Na Irlanda, um relatório de 270 páginas revelou uma investigação interna contra vários padres acusados de abusos sexuais e violação, durante a década de 1960. Nada aconteceu com os criminosos, que foram apenas transferidos para outras dioceses. Esses acontecimentos vieram a público em 2005; em 2009 surgiram novos relatos de abusos cometidos entre 1930 e 1970, em várias instituições católicas irlandesas para acolhimento de crianças.

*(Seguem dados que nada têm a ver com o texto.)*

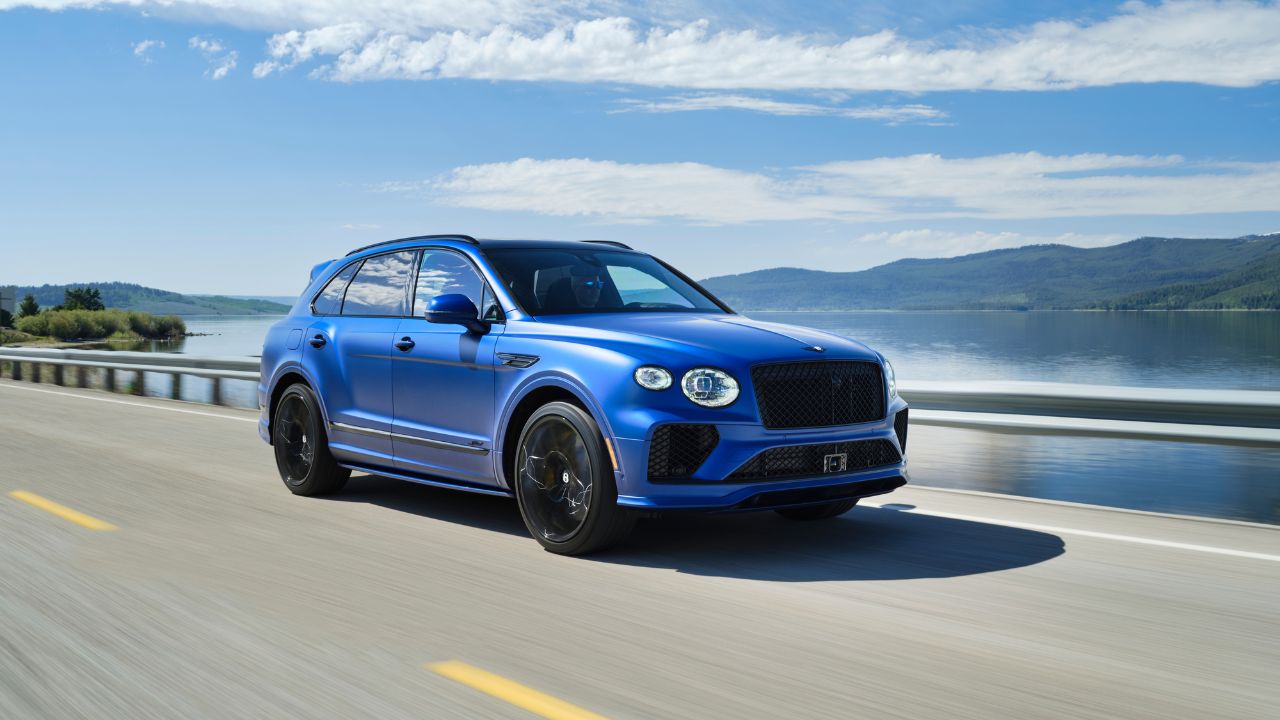 Blue 2026 Bentley Bentayga Speed Front 3/4 view driving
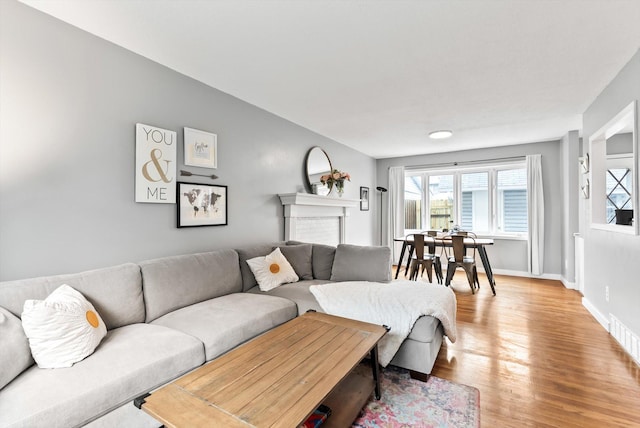 7986 Lad Pkwy, Brooklyn Park, MN 55443 - living room with healthy amount of natural light, light wood-type flooring, and baseboards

Os casos de abusos no Chile também ganharam visibilidade só em 2018, o que rendeu inclusive um pedido de desculpas do Papa Francisco. Em 2010 tornaram-se públicas as acusações contra o clérigo chileno, mas a igreja promoveu demissões apenas em 2018. Fernando Karadima foi condenado em 2011 pela justiça a uma vida de reclusão e penitência por ter abusado sexualmente de pelo menos quatro jovens, todas elas menores à data dos acontecimentos, nos anos 1980, quando era pastor da igreja El Bosque, em Santiago. O padre não cumpriu pena, apenas foi expulso da Igreja. O caso foi encoberto por uma rede de padres e bispos associados a Karadima durante décadas, entre eles Juan Barros, nomeado bispo em Março de 2015 pelo Papa Francisco, que não sabia de todas as informações. Em janeiro desse ano, Francisco pediu ao arcebispo maltês Charles Scicluna, o mais respeitado investigador em casos de abusos sexuais, que as tornasse claras. E na sequência da investigação, que deu origem a um relatório com mais de 2300 páginas, o Papa Francisco admitiu (mais uma vez) que cometeu “erros graves” ao analisar este escândalo de abusos sexuais, repetindo uma fórmula já conhecida: desculpando-se com “vergonha” e “dor”; depois, recebeu as vítimas no Vaticano para lhes pedir desculpa pessoalmente. Juan Barros se demitiu.
A carta do pontífice dessa segunda-feira (20) possui um ponto importante e inédito: a condenação de forma veemente dos crimes cometidos e reconhecendo que “nunca será suficiente o que se faça para pedir perdão e procurar reparar o dano causado”.